Inerrancy: summing up the debate
Views about the inerrancy of Scripture and the importance to the individual, the church, evangelism and defence of the faith
Since my article on Scripture last December, several others have joined the discussion. I was pleased that in the January issue, and then in more detail last month, Dr. Alister McGrath was kind enough to pursue the discussion.
He identified the 'crucial issue' as 'the extent to which evangelicalism has been affected by rationalism'. Certainly this matter must be faced and it is right that we all re-examine our own presuppositions. An approach that reduces Scripture to propositional form only is inadequate, as I previously argued, and probably reflects the influence of rationalism. Nevertheless, a careful reading of Warfield et al, shows that they did view Scripture in at least something of the more rounded way that Dr. Packer described (February).
We must be careful here not to set up some sort of 'straw man'. However, my concern is not to defend Warfield, but to defend the same truth (God's Word) for our age. On this issue I believe I am in substantial agreement with Dr. McGrath. But let me now develop some of my concerns, not in direct relation to anything he has personally said, but rather in areas where I think we need to work harder for a vigorous defence of God's completely truthful Scriptures.

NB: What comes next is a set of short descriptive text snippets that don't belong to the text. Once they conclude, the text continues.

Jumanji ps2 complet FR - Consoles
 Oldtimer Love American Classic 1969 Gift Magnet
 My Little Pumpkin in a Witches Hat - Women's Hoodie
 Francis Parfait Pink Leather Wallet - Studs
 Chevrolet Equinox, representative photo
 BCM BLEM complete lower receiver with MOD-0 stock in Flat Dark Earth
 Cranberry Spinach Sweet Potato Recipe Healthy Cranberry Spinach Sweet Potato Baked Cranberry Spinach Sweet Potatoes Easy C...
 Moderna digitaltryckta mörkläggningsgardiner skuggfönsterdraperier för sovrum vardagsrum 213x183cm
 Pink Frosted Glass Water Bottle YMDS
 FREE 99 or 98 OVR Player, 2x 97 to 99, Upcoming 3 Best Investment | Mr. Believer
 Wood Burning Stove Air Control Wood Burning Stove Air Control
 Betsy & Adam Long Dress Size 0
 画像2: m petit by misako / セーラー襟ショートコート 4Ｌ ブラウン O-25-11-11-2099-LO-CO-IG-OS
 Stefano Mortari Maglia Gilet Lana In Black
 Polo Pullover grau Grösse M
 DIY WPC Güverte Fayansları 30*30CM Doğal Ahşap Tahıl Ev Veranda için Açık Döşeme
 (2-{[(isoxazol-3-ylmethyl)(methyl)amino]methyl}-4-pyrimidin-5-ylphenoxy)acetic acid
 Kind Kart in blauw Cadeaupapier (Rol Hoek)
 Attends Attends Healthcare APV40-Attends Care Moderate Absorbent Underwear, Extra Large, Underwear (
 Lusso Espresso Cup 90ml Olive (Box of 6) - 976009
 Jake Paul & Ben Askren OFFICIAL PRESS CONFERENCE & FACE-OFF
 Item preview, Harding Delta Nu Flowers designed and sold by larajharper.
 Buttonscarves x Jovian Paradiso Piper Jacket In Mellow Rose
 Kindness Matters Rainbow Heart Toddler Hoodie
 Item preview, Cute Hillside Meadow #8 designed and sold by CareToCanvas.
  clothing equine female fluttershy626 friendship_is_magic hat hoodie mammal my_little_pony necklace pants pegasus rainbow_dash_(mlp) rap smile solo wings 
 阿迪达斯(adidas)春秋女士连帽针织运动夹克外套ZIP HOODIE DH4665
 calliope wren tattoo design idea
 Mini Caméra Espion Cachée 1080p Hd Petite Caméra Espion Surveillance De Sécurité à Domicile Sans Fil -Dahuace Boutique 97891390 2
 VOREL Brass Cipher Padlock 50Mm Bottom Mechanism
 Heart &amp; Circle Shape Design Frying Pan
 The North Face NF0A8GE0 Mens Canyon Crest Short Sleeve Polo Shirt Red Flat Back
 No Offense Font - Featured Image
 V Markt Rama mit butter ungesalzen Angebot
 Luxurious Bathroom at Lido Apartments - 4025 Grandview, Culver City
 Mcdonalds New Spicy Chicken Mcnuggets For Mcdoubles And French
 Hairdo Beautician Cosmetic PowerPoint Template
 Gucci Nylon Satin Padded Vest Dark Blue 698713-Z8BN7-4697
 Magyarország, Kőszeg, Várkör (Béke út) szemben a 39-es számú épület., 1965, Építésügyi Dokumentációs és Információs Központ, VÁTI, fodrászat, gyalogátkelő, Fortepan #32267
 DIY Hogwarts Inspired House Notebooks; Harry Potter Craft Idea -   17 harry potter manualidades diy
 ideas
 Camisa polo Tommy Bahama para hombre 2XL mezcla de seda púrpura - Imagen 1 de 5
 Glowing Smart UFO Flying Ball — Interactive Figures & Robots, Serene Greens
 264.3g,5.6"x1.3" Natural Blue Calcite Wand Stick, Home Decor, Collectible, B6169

Who's being rationalistic?
First, while some re-statements of the doctrine of Scripture may appear too rationalistic, I believe the greatest effect of rationalism among evangelicals in England is seen in the wide-scale acceptance of the 'assured results of biblical criticism'. Much of this is down to theological colleges. Little could be more rationalistic than some of the methods used to get those results! Many who insist we that we talk of Scripture as 'story' or argue that 'narrative' readings of Scripture are the best, are not doing so because they consider Warfield had too 'low' a view of Scripture! Rather they have found 'narrative' to be a way of avoiding many of the questions about truth and historicity with which they have felt uncomfortable - hence my insistence in December that we must proclaim loudly and clearly in our age, as others have done in theirs, that God still speaks, and that he does that in Scripture which is true. For me, therefore, the 'crucial' issue is reaffirming in our day and age that Scripture is God's Word throughout. Of course, this will involve us in careful work with the text, but what we understand the text of Scripture to affirm (even in apparently insignificant historical detail) we shall want to proclaim as God's Word. Only by doing this will we be able properly to challenge the philosophies of our day, whether rationalistic modernism or experiential and pragmatic postmodernism.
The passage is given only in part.